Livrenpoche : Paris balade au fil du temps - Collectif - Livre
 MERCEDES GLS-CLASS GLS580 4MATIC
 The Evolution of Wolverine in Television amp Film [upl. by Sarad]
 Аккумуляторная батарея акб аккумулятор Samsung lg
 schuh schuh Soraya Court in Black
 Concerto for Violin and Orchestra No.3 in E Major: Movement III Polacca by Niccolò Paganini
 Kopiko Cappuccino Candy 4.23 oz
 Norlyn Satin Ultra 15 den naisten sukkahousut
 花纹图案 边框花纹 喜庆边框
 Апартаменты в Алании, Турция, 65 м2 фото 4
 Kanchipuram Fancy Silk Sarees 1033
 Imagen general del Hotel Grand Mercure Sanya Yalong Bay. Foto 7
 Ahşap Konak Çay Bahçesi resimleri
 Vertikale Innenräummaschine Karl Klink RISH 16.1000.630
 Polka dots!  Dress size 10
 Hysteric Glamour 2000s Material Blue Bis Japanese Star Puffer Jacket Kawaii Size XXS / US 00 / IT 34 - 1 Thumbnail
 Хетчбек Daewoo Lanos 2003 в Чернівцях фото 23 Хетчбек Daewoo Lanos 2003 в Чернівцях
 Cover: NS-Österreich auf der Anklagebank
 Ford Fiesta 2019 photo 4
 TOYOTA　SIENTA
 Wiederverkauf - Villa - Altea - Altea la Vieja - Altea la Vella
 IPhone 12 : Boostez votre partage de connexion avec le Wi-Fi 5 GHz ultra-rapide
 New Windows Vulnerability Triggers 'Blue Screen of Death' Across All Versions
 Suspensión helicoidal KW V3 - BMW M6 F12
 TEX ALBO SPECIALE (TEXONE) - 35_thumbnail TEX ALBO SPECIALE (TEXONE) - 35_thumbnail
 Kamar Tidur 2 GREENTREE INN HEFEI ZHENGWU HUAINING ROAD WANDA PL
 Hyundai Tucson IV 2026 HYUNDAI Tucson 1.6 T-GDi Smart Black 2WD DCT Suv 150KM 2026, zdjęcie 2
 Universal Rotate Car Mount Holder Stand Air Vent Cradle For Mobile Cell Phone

* _What is needed_:
If a line in the entries contains the word "фото", copy that line out.

* _Written answer_:
 Апартаменты в Алании, Турция, 65 м2 фото 4
 Хетчбек Daewoo Lanos 2003 в Чернівцях фото 23 Хетчбек Daewoo Lanos 2003 в Чернівцях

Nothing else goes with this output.